The method that gzip uses to compress a file (especially .tar.gz files) usually implies that the output file is not random-accessible - you need the symbol table and other context from the entire file up to the current block to even be able to uncompress that block to see what's in it. This is one of the ways it achieves (somewhat) better compression over ZIP/pkzip, which compress each file individually before adding them to a container archive, resulting in the ability to seek to a specific file and uncompress just that file.

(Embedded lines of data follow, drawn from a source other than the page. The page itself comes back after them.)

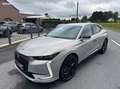 DS Automobiles DS 4 ds4 hdi 130 pallas pack confort hayon motorise jantes minneapolis vitres surteintees arrieres crystal pearl Grijs - thumbnail 1
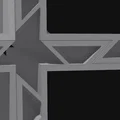 Hệ thống ngăn kéo lưu trữ mô-đun, có thể xếp chồng, không cần support - Thumbnail 6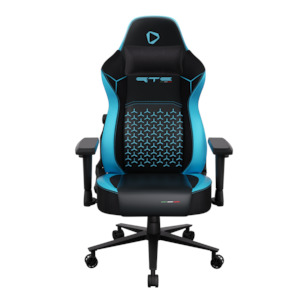 ONEX RTC ErgoGlide Alcantara Gaming Chair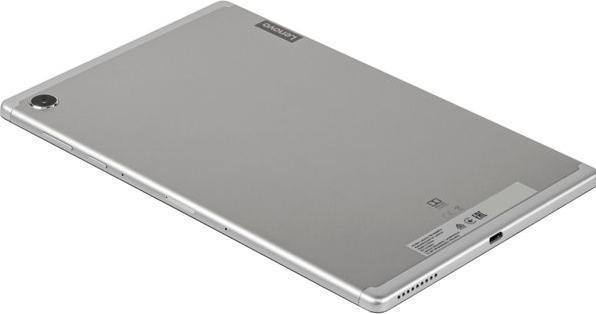 Immagine prodotto Lenovo Smart Tab M10 HD (2a generazione) con Alexa integrata (10.10", 64 GB, Grigio platino)
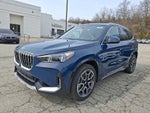 2026 BMW X1 xDrive28i Sports Activity Vehicle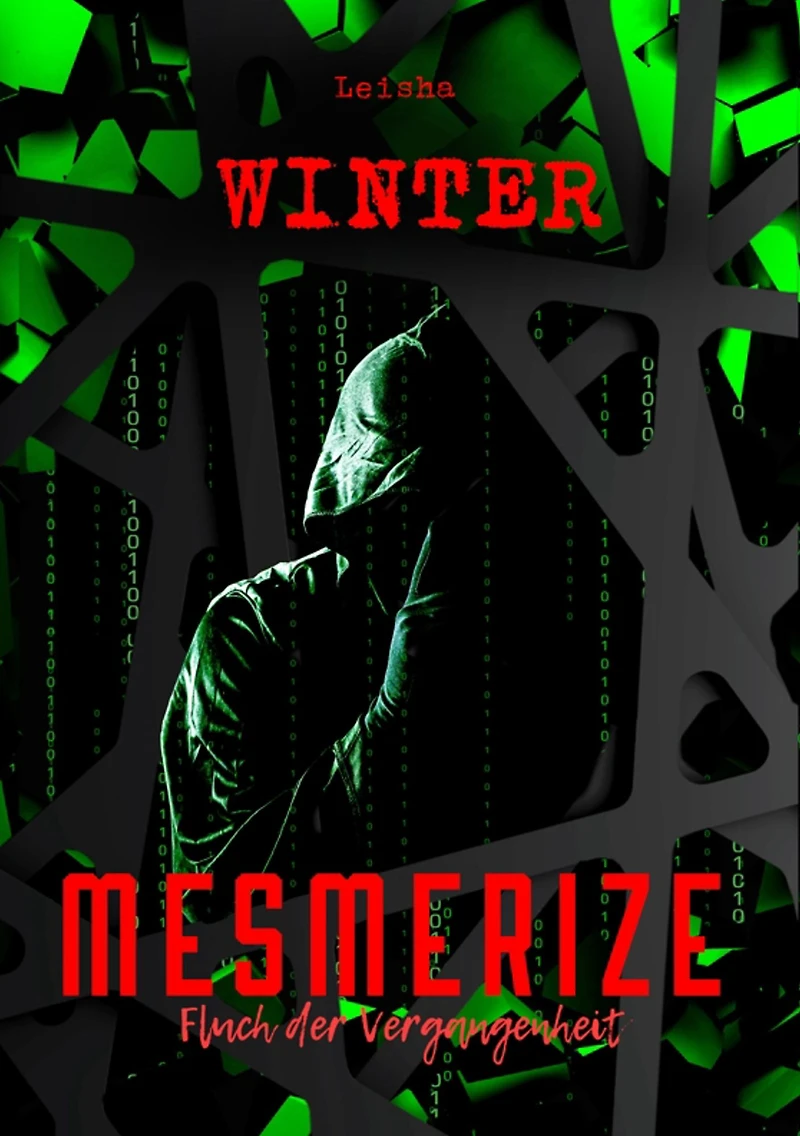 Mesmerize - Fluch der Vergangenheit (ungekürzt)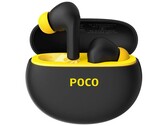 POCO Pods。(来源:小米)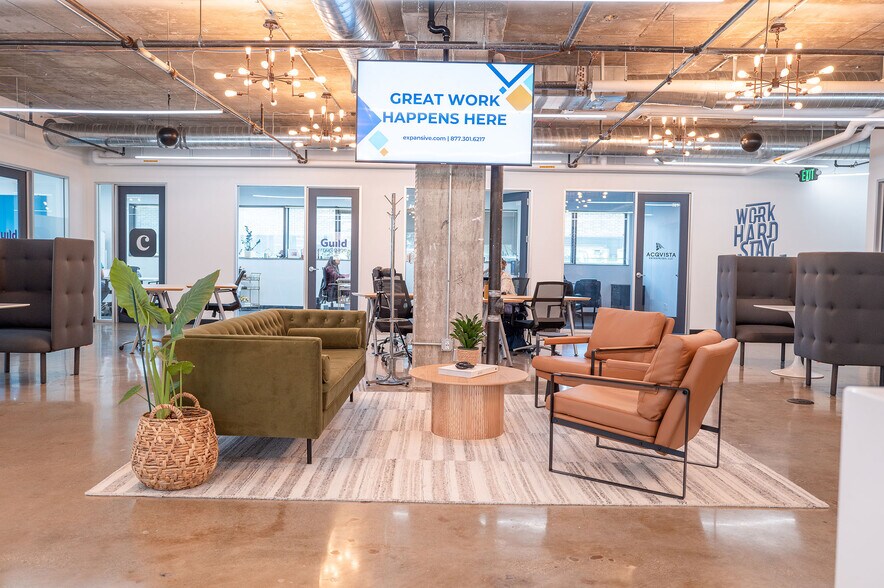 345 W Washington Ave, Madison, WI à louer - Photo intérieure – Image 2 sur 13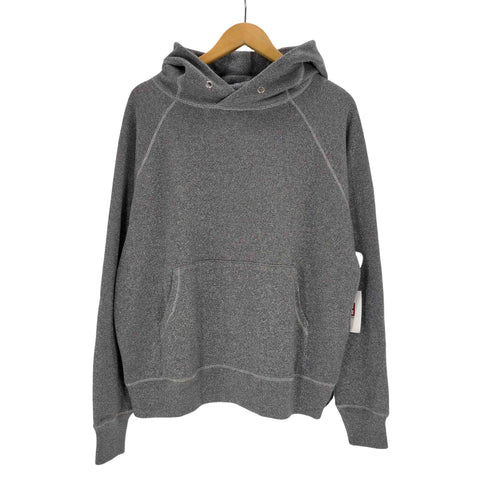 ジャーナルスタンダードラックス JOURNAL STANDARD LUXE ラメウラケパーカ レディース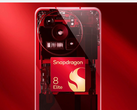 Teaser del chipset Qualcomm Snapdragon 8 Elite. (Fuente de la imagen: Qualcomm)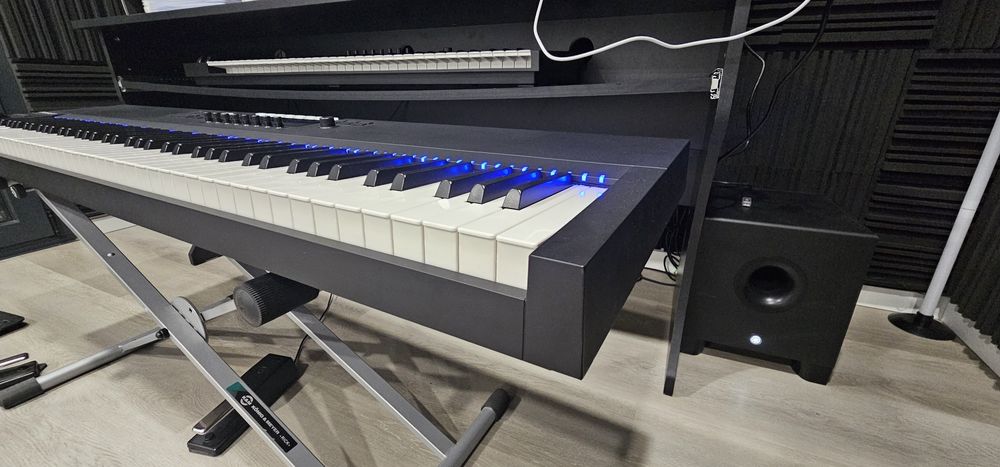 Native Instruments - Komplete Kontrol MK264752187496579122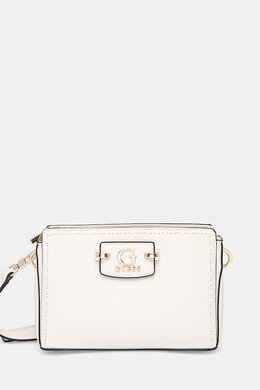 Сумка NASTRA Guess, бежевый hwbg96.37720 | beżowy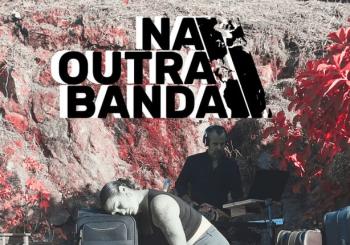 CHECHU RIQUELME Presenta: NA OUTRA BANDA en Cangas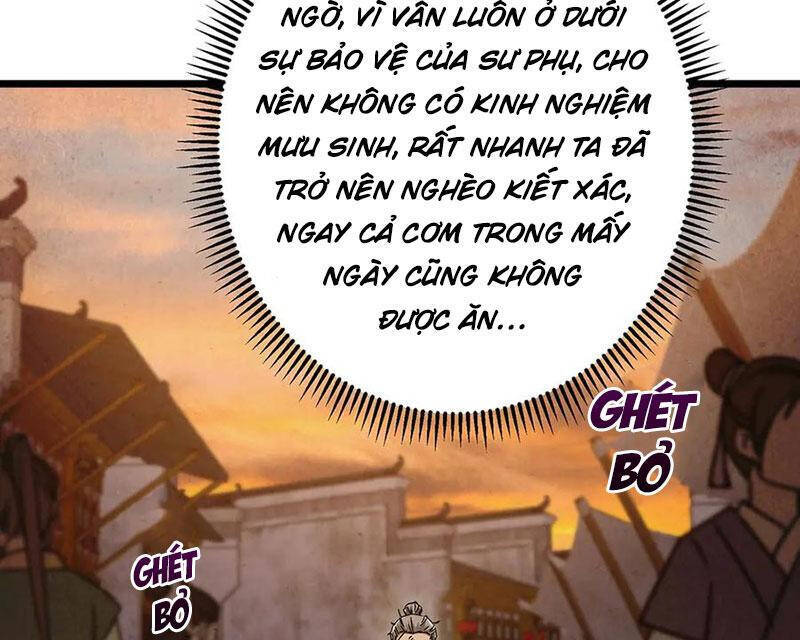 Chưởng Môn Khiêm Tốn Chút [Chap 410-472]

So, in order to pick a .tar.gz apart, you will need to uncompress the whole thing, either to a temporary file or in memory (if it's not too large), then you can jump to specific entries in the underlying .tar file, although that has to be done sequentially by skipping from header to header, as tar does not include a central index/directory of files.

twalberg
  • 59,951
  • 11
  • 89
  • 84
  • Correct. Or at least you need to uncompress up to the desired file. If you're going to be doing a lot of random access on the same .tar.gz file, then you can decompress the whole thing once and build an index of entry points. Then you can get closer to true random access, where the speed depends on the density of entry points. – Mark Adler Oct 05 '12 at 19:09
  • @MarkAdler Of course, there's also the caveat that a `tar` file can contain multiple files with the same name (but not necessarily the same contents). While this is certainly unusual to see in the wild these days, the functionality is still there, and so stopping decompression at the first instance of the file you're looking for is not always the "right thing". – twalberg Oct 05 '12 at 19:23
1

I am not aware of TrueZip in particular, but at least in terms of Zip, RAR and Tar you can access single files and retrieve details about them and even extract them without touching the rest of the package.

Additionally, does "random" reading mean that it first uncompresses the entire archive

If TrueZip follows Zip/RAR/Tar format, then it does not uncompress the entire archive.

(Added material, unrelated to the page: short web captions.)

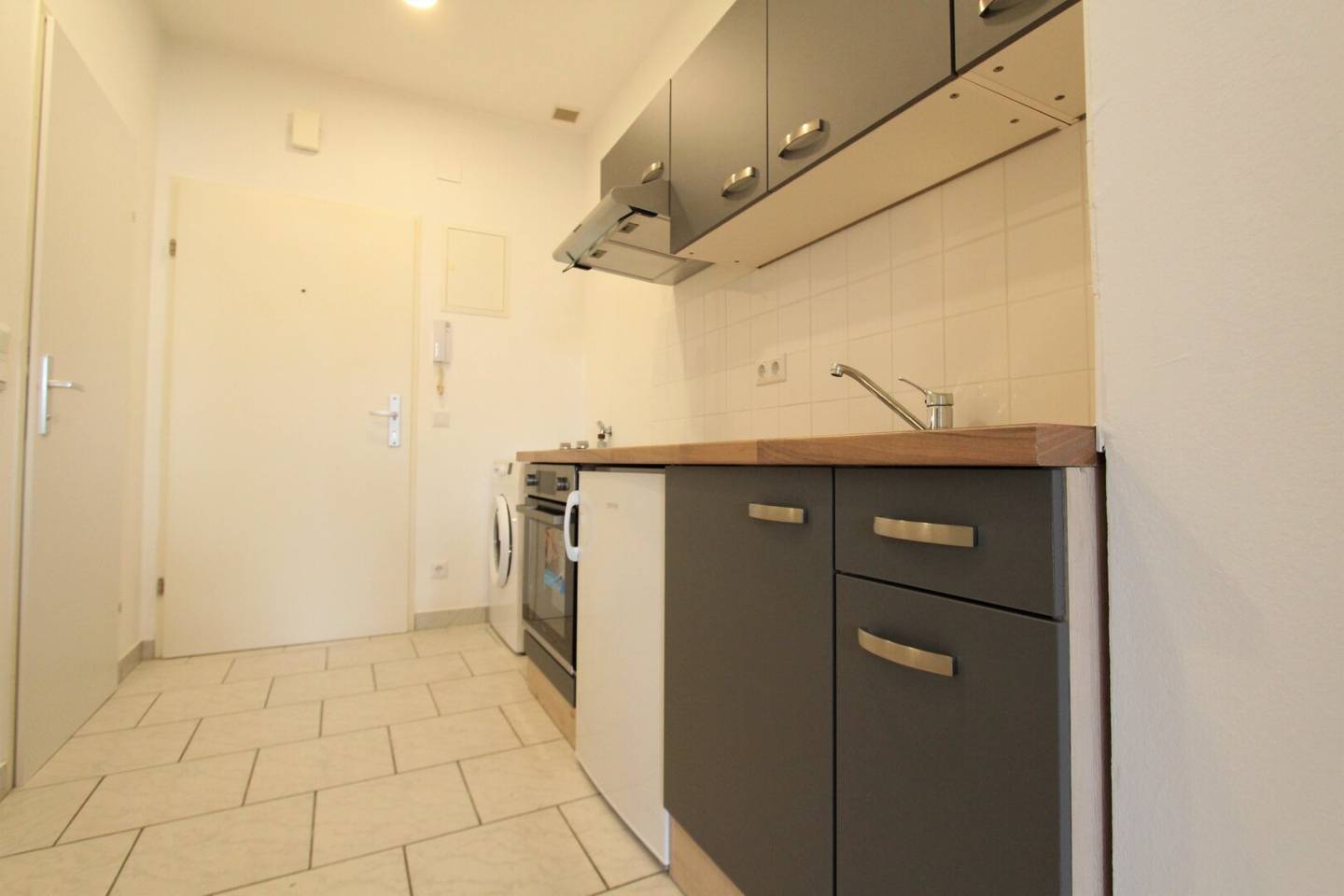 Cozy 1-room apartment with lots of charm Short-term rental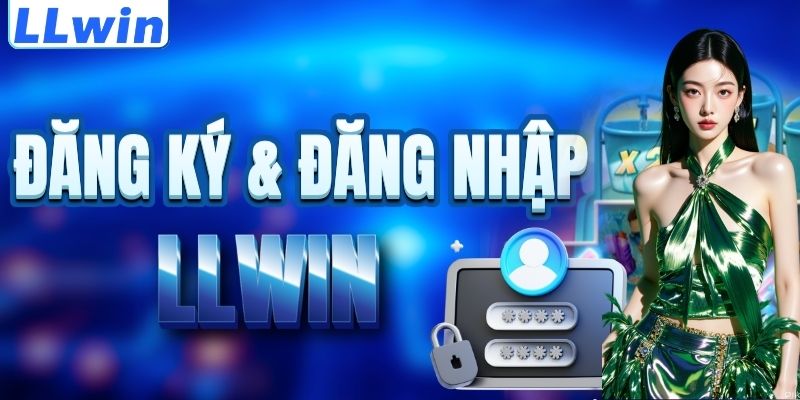 LLwin – Trang LEPREMIER Chính Thức Của LLwin 2026 > Tham Gia Sảnh Casino Mới Nhất 15 Cách đăng ký & đăng nhập LLWIN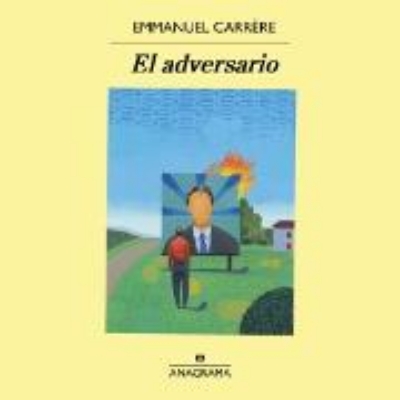 Bild von El adversario (Audio Download)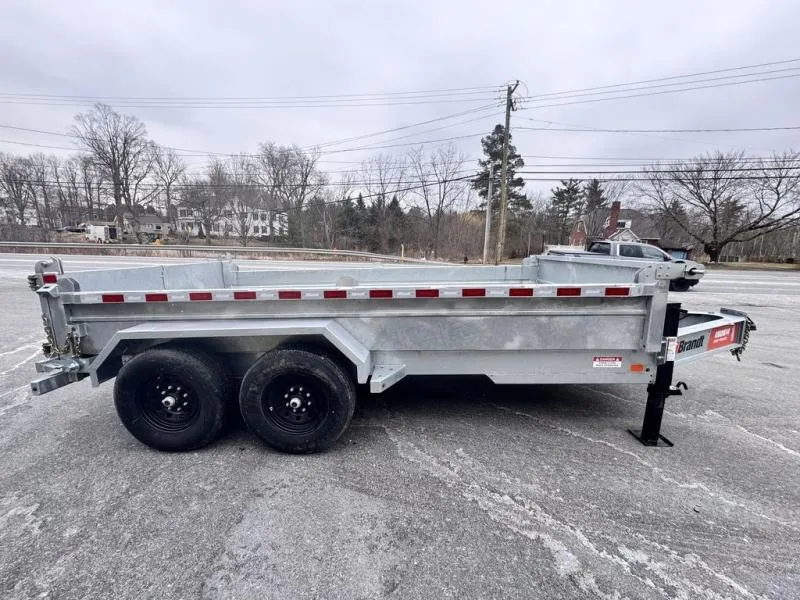 new Dump Trailers Other  for sale, in Ballston Lake, NY Thumbnail 4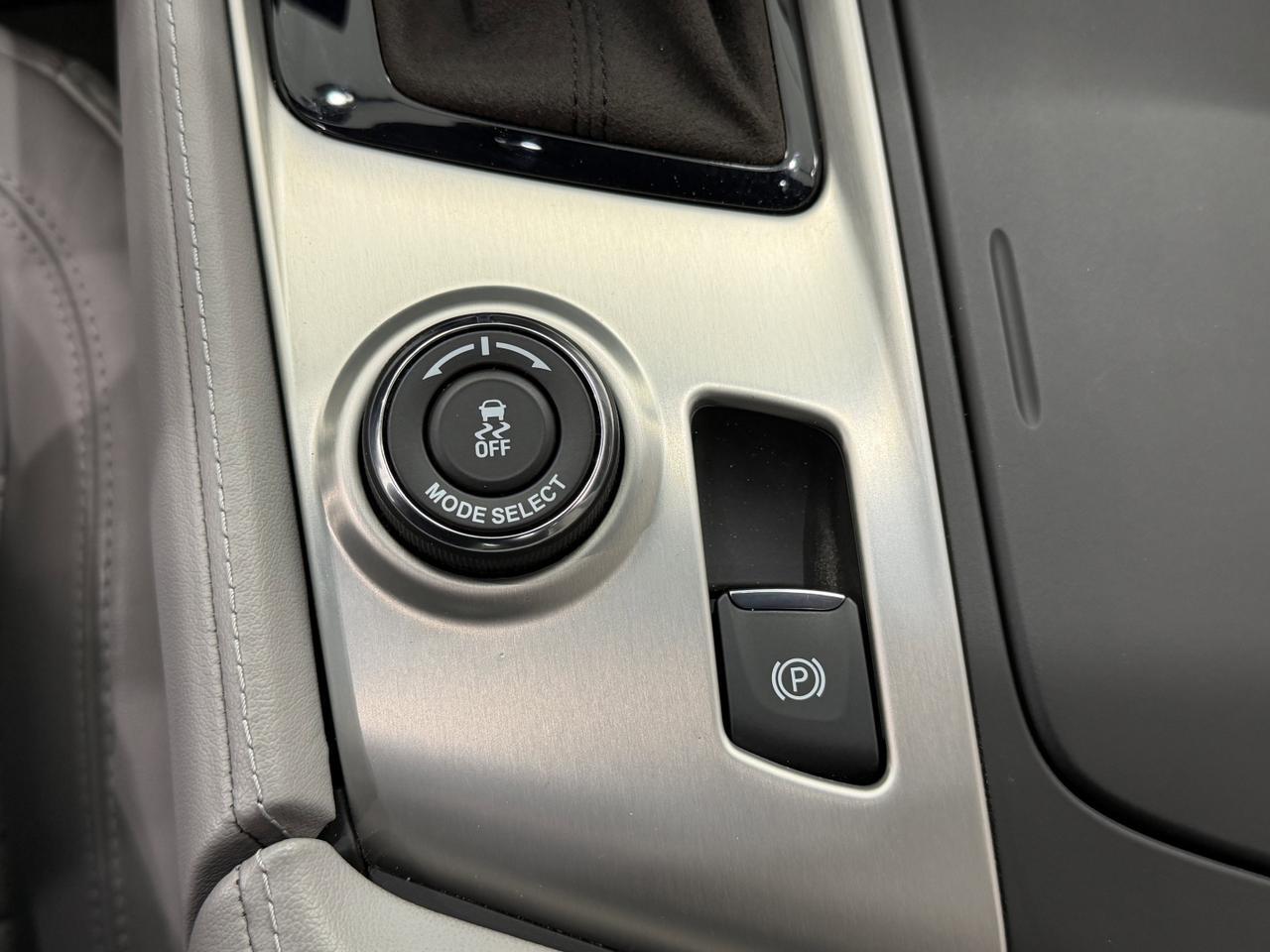 2019 Chevrolet Corvette Z06 2LZ Newark DE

The purpose is that I want to retrieve some basic information from the file without having to uncompress the entire thing just to read it(ie username).

As previously, that should be fine -- I don't know TrueZip API in particular, but file container formats allow you to inspect file info without reading a single bit of the data, and optionally extract/read the file contents without touching any other file in the container.

Kai Sellgren
  • 27,954
  • 10
  • 75
  • 87
  • Zip, RAR and Tar files have an central table of content and for the first two formats each file is compressed individually. But the OP was asking for tar.gz files which are compressed at once which means that you usually have to decompress the whole archive before accessing individual files. – Robert Oct 05 '12 at 15:18
  • @Robert Actually, `tar` does not have a central directory/index. But, each file header has enough information in it to figure out where to skip to in order to get the next file header. – twalberg Oct 05 '12 at 15:22
0

The source code comment of zran describes how such tools are working: http://svn.ghostscript.com/ghostscript/tags/zlib-1.2.3/examples/zran.c

In conclusion one can say that the complete file has to be processed for generating the necessary index. That is much faster than actually decompress everything. The index allows to split the file into blocks that can be decompressed without having to decompress the blocks before. That is used for emulating random access.

Robert
  • 39,162
  • 17
  • 99
  • 152